As I grew older I struggled to reconcile how a God of love could consign people to an eternity of suffering with no hope of redemption. Reading the gospels, the Jesus I found there and the hell that was described to me as a child just didn’t seem to make sense.
In 2011 Christian History magazine published a booklet called The History of Hell: A Brief Survey and Resource Guide. Page two of the booklet listed three views of hell:
- the traditional,
- conditional immortality or annihilationism, and
- restorationism or universalism.
Struggling over the existence or not of hell was nothing new.
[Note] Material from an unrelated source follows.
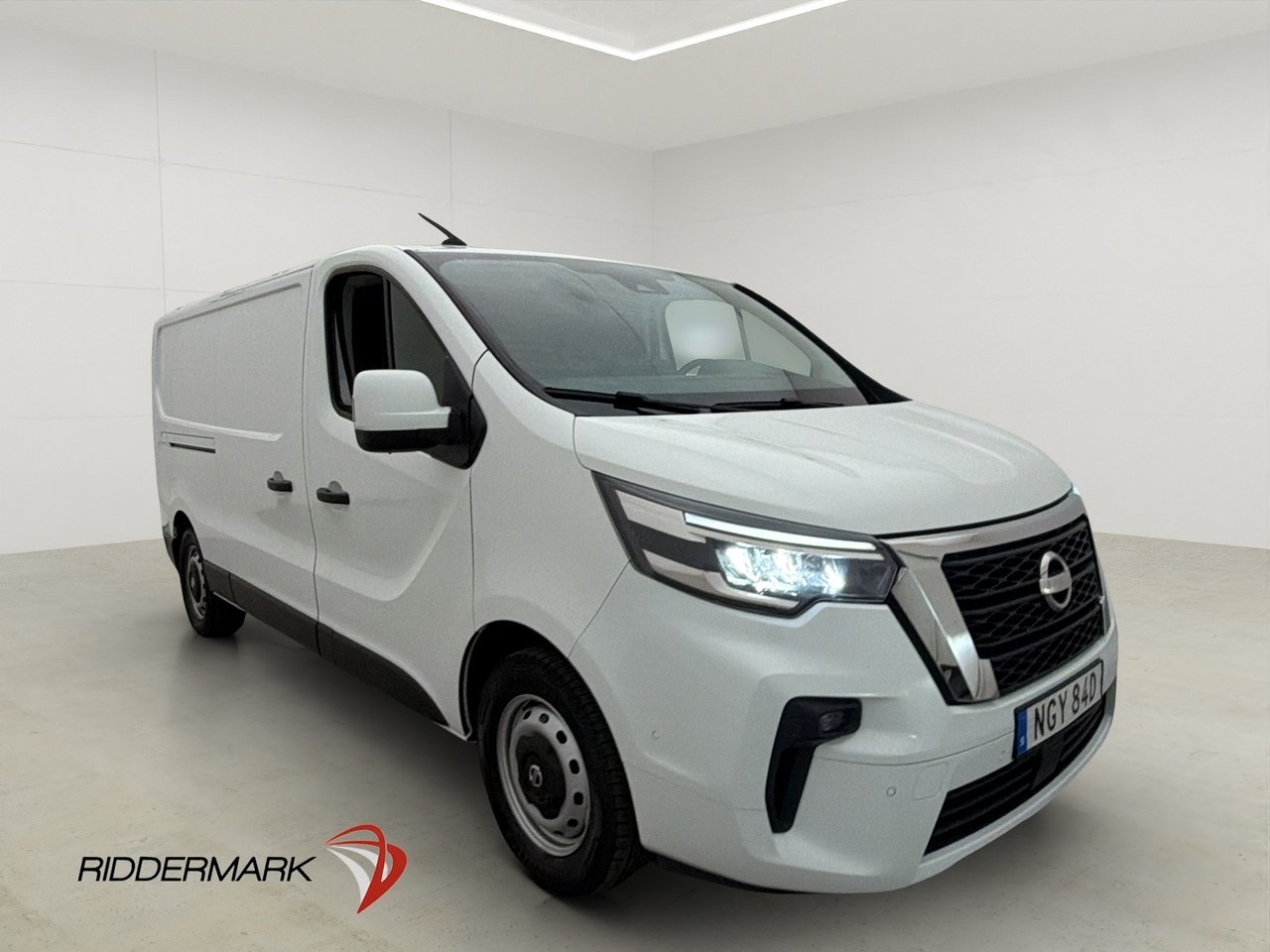 Nissan Primastar L2 150hk Drag 2022, photo 3/10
Christians throughout the centuries had different opinions on the subject.
The traditional view was what I had been taught and what I had been led to believe was the only way to look at the topic. The traditional view holds that some people will not be saved and will be sent to hell, which is a place of endless punishment; once condemned to hell there is no possibility of leaving the place. Conditional immortality or annihilationism also states that some people will not be saved but that the time of punishment for them will be temporary; at the final resurrection they will be destroyed and cease to exist. Restorationism or universalism believes that all people will eventually be saved and, if there is a hell, it is temporary and will lead sinners towards repentance and union with God.
As early as the 2nd and 3rd centuries, Christian leaders such as Clement of Alexandria, Irenaeus, and Origen believed in such things as the return of all created beings to God, the fire of judgment as purification rather than destruction, a non-bodily resurrection, damnation as the fate only of those who reject redemption, and that the Scriptural texts which spoke of eternal punishment were actually deceptions by God meant to shock people into repentance. Throughout the centuries, Christian had widely varying views of hell. Thankfully, those who try today to defend the traditional view of hell as the only theologically correct position have plenty of well-known Christians throughout the ages who disagree with them.